Midas : M&S could pay dividends 4.75p (ye23) 5.2 (ye24)15 Jan 2023 01:25
dividends
Remember when Marks & Spencer could do no wrong? When profits seemed to rise almost effortlessly from year to year and the business was a byword for success.
Those days seem a long way away. The shares have gyrated for the past three decades and, at £1.46, they are now worth less than they were in the early 1990s.
The company has been trying to regain its halo for years, egged on by millions of shoppers, particularly those of a certain age, who remember M&S in its glory days. But there have been successive mishaps – underinvestment in online shopping, tired-looking stores and dowdy clothes that failed to chime with the modern consumer.
The group has hired many a retail guru to try to move the business into the modern era. Last week chief executive Stuart Machin boldly suggested these efforts are bearing fruit.
Like-for-like sales rose 7.2 per cent in the three months to December 31, with revenues from clothing and home up almost 9 per cent and market share growing to more than 10 per cent – a sevenyear high.
The much-loved food division delivered growth of 6.3 per cent, but also gained market share, with shoppers particularly excited by both Remarksable bargains and the Collection luxury range. Machin, a career retailer who became chief executive last May, is clearly pleased with the figures.

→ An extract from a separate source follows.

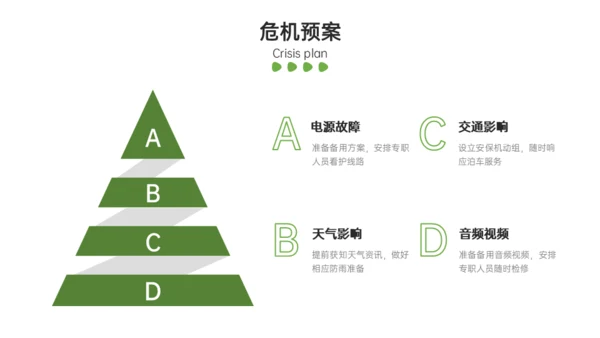 地产样板间开发方案通用PPT模板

Recognising that economic headwinds and cost pressures cannot be ignored, he seems confident that M&S can make progress by upping its game on the clothing front, upgrading stores, improving its online effort and cutting costs.

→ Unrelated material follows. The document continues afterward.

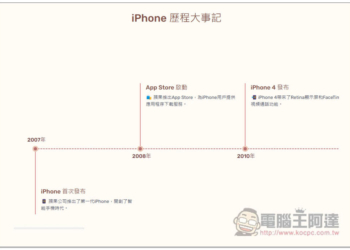 MyLens 透過 AI 一鍵生成各大品牌、產品的歷史時間軸圖片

For long-suffering shareholders, recovery cannot come fast enough. Not only has the stock underperformed for years but the group paid its last dividend in January 2020.

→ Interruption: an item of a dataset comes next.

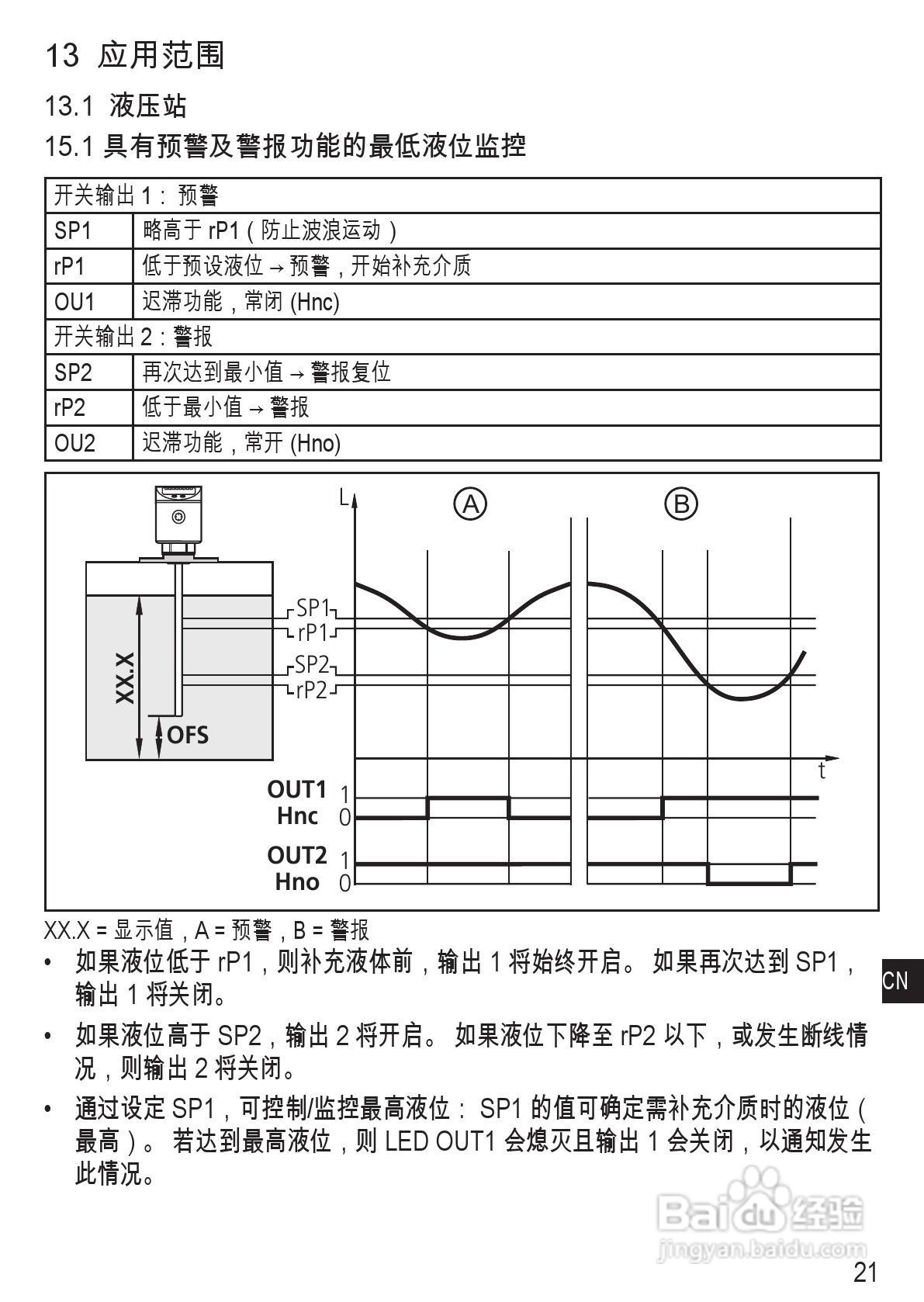 IFM 电子液位传感器LK10操作说明书:[3]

There are hints that this could change when M&S reports annual figures in May.
The company has cut debt substantially, while sales and profits are well ahead of earlier lows.
City analysts now hope for a dividend of around 4.75p this year, rising to 5.2p in 2024.
Midas verdict: Marks & Spencer shares have consistently disappointed but there has been a shift in sentiment over recent months, with the stock rising from 93p to £1.46 since October. If Machin continues to deliver progress, the price should make further gains from here, while the prospect of dividend payments could further boost the stock. Existing shareholders should stick with the business. Brave investors may even choose to dip their toes in the water at current levels.